文・写真/室橋裕和

 

 書いている本人もすっかり忘れていたのだが、この連載のテーマは「国境」なんである。それがコロナ禍のため国をまたいで旅することが難しくなり、やむなく日本国内で異国を感じられるスポットを訪ね歩いているわけなんだが、やっぱりしっかり旅がしたい。そろそろ2年、国境を越えていないのだ。

 そこで、デルタ株の猛威もひと段落した2021年末、僕は「日本の国境」を巡ってみることにした。目指すは北海道の東の果てだ。根室海峡を越えたその先は北方領土、ロシアなんである。

 もちろん我が国としては、北方領土は固有の領土であり、根室海峡に「国境線」なんぞ引かれていないという認識だ。両国の「中間ライン」という言い方をする。とはいえ、そのラインの向こうはロシア政府に実効支配され、ロシア人が住み、ロシアの文化が息づく。事実上の国境となってしまっているのは確かなのだ。そんな北方領土が間近に見えるという道東を旅するため、僕はまず釧路に降り立った。

釧路南部の米町公園から港と市街地を見渡す

■マイナス13度の寒さ

 空港ターミナルを出ると、まず肌が切れるような冷気に驚いた。東京とは質の違う寒さだが、空気は澄み、なんだか清らかだ。

 市内までの連絡バスから見える光景も、本州とはずいぶんと違う。雪に覆われた大平原と、その果てにそびえる冠雪した山々。スケールが大きい。凍結した川をいくつも渡る。釧路の市街地に入ると、どの家の軒先にも雪かき用のシャベルや除雪機が立てかけられていた。道東は北海道の中では比較的、積雪が少ないと聞くが、それでもやっぱり雪国なのだ。防寒のためだろう、玄関の扉を二重にしている家も多い。
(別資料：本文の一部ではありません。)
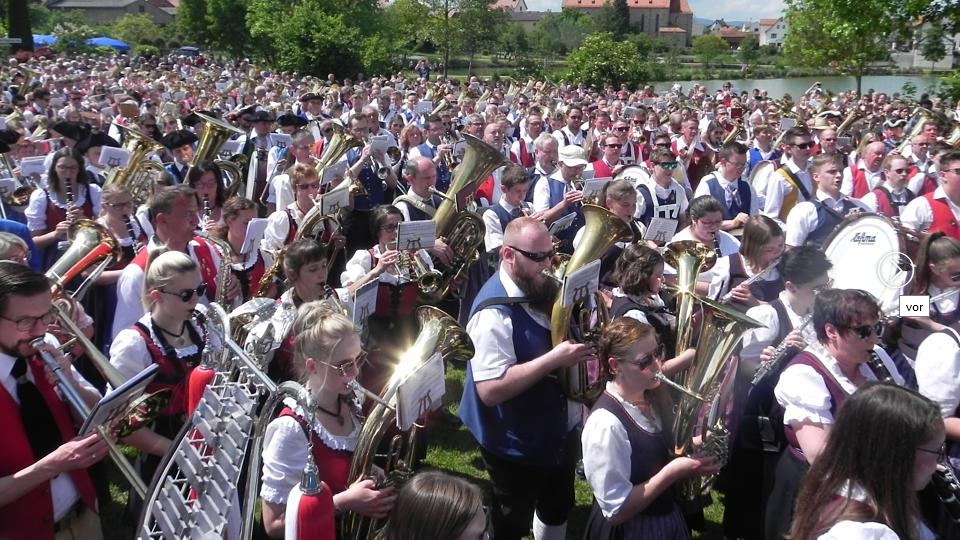 Ein beeindruckendes Bild: Mehr als 1000 Musikanten auf dem Festplatz in Hohenroth, vor dem idyllischen See und der Pfarrkirche. Foto: Brigitte Chellouche Ein beeindruckendes Bild: Mehr als 1000 Musikanten auf dem Festplatz in Hohenroth, vor dem idyllischen See und der Pfarrkirche. Foto: Brigitte Chellouche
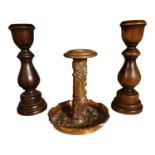 Pair of turned mahogany candlesticks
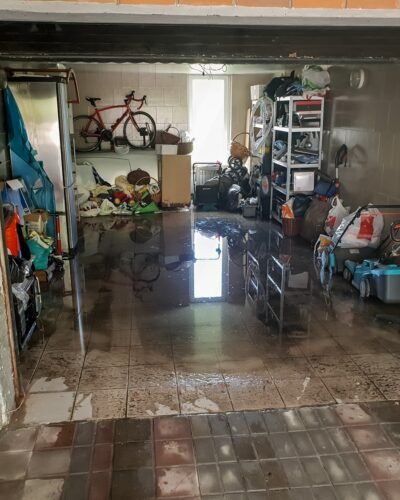 Photo of flooded garage after heavy rain. Wet floor and floating thing in house after flood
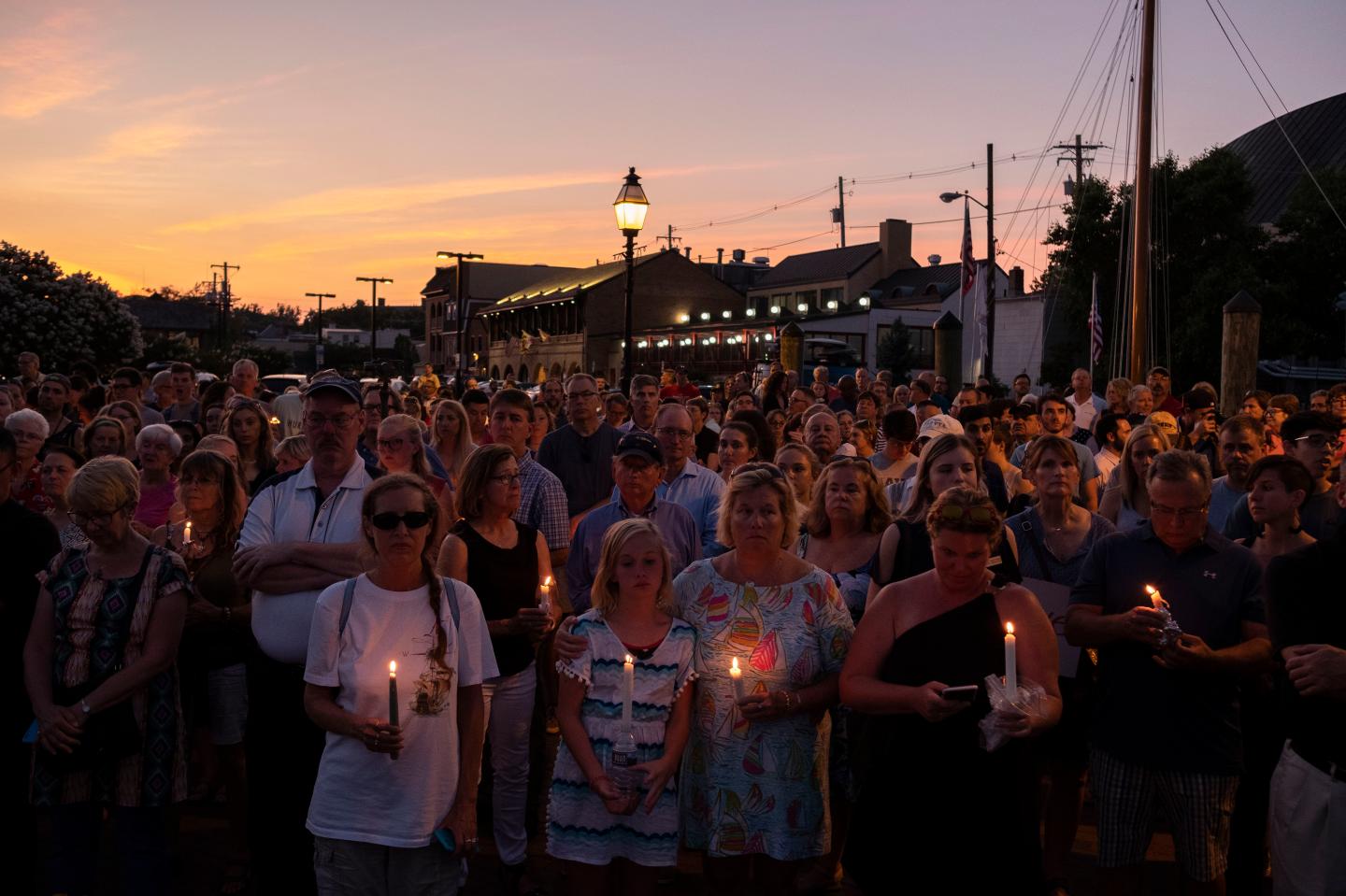 photos involving the Capital Gazette shooting in Annapolis and a candlelight vigil beginning at Lawyer's Mall at the State House, followed by a march to City Dock for a service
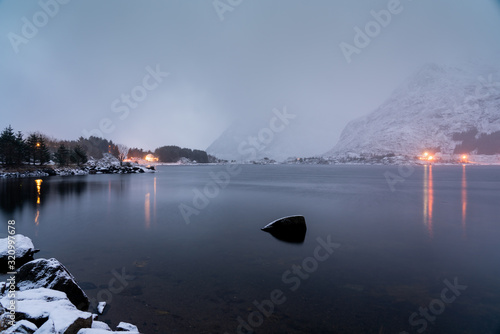 Winter landscape with a lake near mountains covered with snow and small village with evening lights.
「今朝はマイナス13度まで行ってね。今年初めてじゃないかな、釧路川で〝けあらし〟がよく見えたよ」

 民宿のおばちゃんが言う。キンキンに冷やされた大気と、それよりは温かい海面・川面との温度差による現象だ。水面から蒸発した水蒸気が急激に冷やされて霧となり、漂う。釧路川から湯気が立ち上っているかのような幻想的な景色なのだそうだ。
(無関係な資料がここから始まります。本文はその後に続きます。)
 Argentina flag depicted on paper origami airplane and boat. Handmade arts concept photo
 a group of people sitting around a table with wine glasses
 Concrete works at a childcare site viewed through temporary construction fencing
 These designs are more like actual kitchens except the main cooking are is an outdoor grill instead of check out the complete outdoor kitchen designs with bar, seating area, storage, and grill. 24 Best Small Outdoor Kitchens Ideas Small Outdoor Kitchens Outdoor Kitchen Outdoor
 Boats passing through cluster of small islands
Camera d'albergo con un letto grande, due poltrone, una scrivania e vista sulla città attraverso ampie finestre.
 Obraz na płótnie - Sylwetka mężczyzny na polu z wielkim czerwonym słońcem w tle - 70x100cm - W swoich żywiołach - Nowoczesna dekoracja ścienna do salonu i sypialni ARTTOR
 そんな釧路は歩道のほとんどに根雪が張って凍結し、慣れない都民としては怖い。慎重に歩かないと確実にコケるだろう。なるべく小股でバランスを取りつつ、よちよちと歩を進めるのだが、平然とジョギングしていく地元民に追い抜かされる。そんな体験もなんだか新鮮だった。

炊き込みご飯に、醤油に漬け込んだサンマを乗せた釧路名物「さんまんま」、旨い!